I found this book interesting, but could not relate to most of it—especially the beauty pageants, but also the large family, hurricanes, and controlling grandfather. Memoir readers who are especially interested in any of these topics should try this book.
Low Country is an engaging memoir by J. Nicole Jones recalling a childhood in Myrtle Beach, SC that is filled with country music, pirate stories, ghosts, and a family fraught with dysfunction. She manages to capture the good, the bad, and the ugly of her family. "The South does not own tragedy, but it sure seems to have taken a liking to the region." 3.5 stars
Thank you to Catapult and NetGalley for this ARC.
There were aspects of this memoir that I really connected with, but overall it was a bit underwhelming. It was not clear to me what the primary story/purpose of this memoir was, as we bounce between family members, Southern coastal folklore (we'll get to that in a minute), and hints about Jones' eventual departure from the region without a throughline connecting the disparate chapters.
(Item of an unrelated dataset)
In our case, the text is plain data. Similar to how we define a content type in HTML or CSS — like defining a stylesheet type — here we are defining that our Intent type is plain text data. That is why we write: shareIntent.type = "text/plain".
I also found Jones as a character (if that's the right word to use) to be quite a passive person throughout, and I wanted more about her personal perceptions of her family members and the takeaways from the experiences she's had with them (we got a bit of that with her maternal grandfather and paternal grandmother, but I wanted more). My favorite parts by far were her incorporations of folklore from the region, including ghost stories, pirates, and hurricane lore, as the folklore of the South has always been something of interest for me. On a related note, the writing as a whole was quite beautiful and I would love to see Jones take on the fiction form or even a more self-contained personal essay.
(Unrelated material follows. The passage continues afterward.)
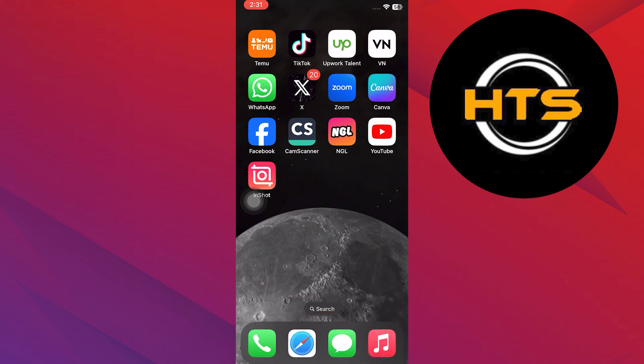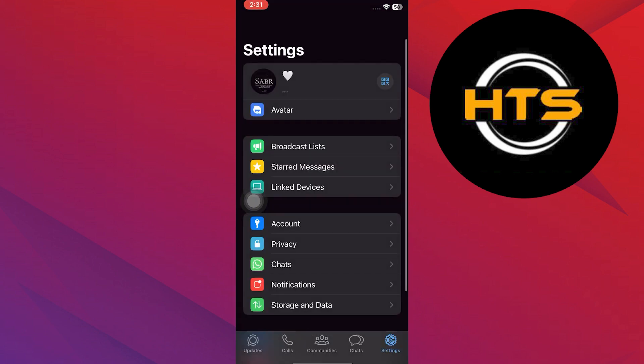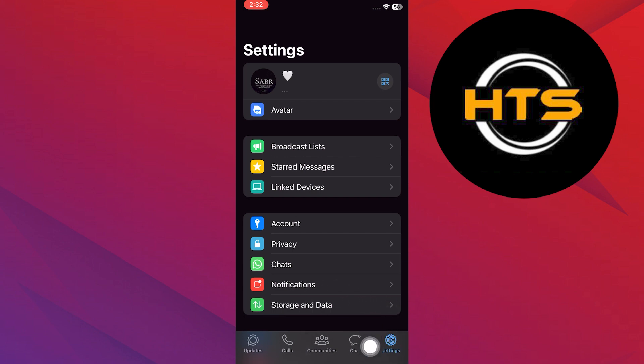First, open up your WhatsApp on your mobile device. After that, tap on the settings icon at the bottom right corner of your page. This will open up your WhatsApp settings.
Thank you to the author and Catapult for providing me with a free early e-copy of this work through Netgalley in exchange for an honest review. Low Country comes out on April 13.
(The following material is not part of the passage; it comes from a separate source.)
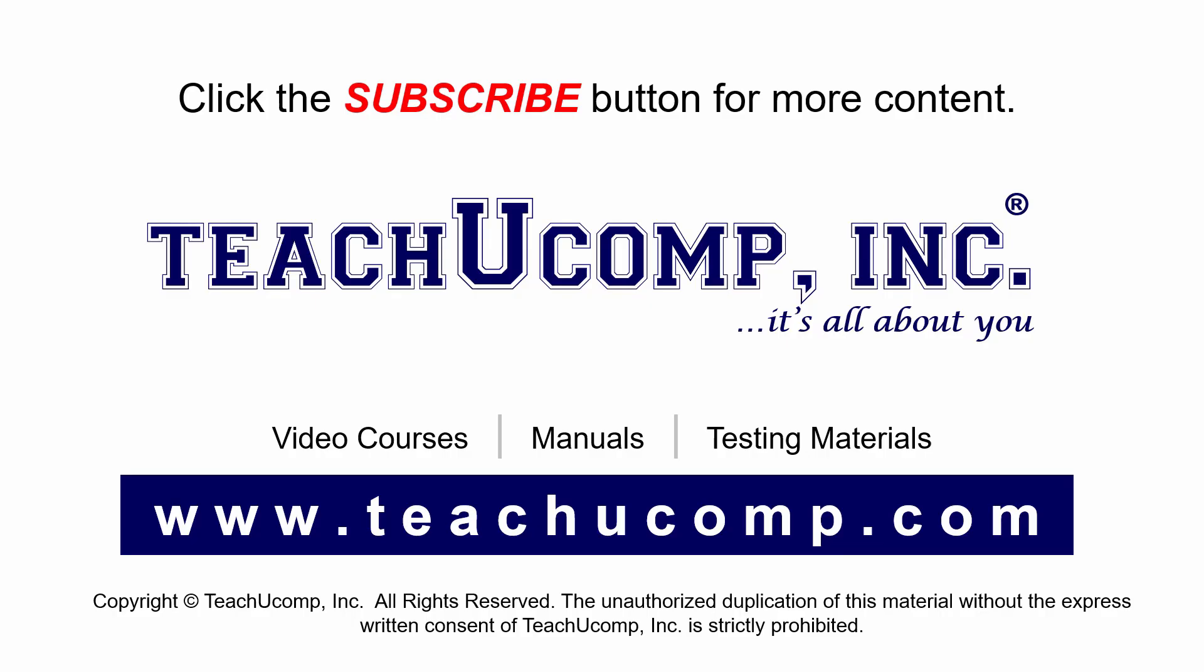Remember to click the Subscribe button to see more of our videos. Get ad-free courses at teachucomp.com.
In this debut, Jones writes a memoir about growing up on the coast of South Carolina complet with snakes, alligators, and hurricanes along with the ghosts. Her family does not come close to the wealth of her relatives and she talks of her heritage of being surrounded by women who were used to being used and ignored. Its an interesting story in which she shows her love for her hard-drinking father who wanted to be a country music star and her overwhelmed mother and beloved grandmother.
J. Nicole Jones presents a memoir of her family in this tale of life in South Carolina when you're the poor relations. There are some dark secrets as well as abuse in this multigenerational tale. It's rich with local atmospherics. It's difficult to review memoirs because it feels as though you are judging someone's life and life choices but that's not the case here. Jones is revealing her family's history in which she is a player, not the main focus. A little research into her turns up an essay she wrote on the subject of memoirs, which is worth a read as a companion to this volume. The writing reflects her MFA. Thanks to Netgalley for the ARC.
Sadly, this book just didn't do it for me. It was difficult to follow and I couldn't follow along enough to really love the story.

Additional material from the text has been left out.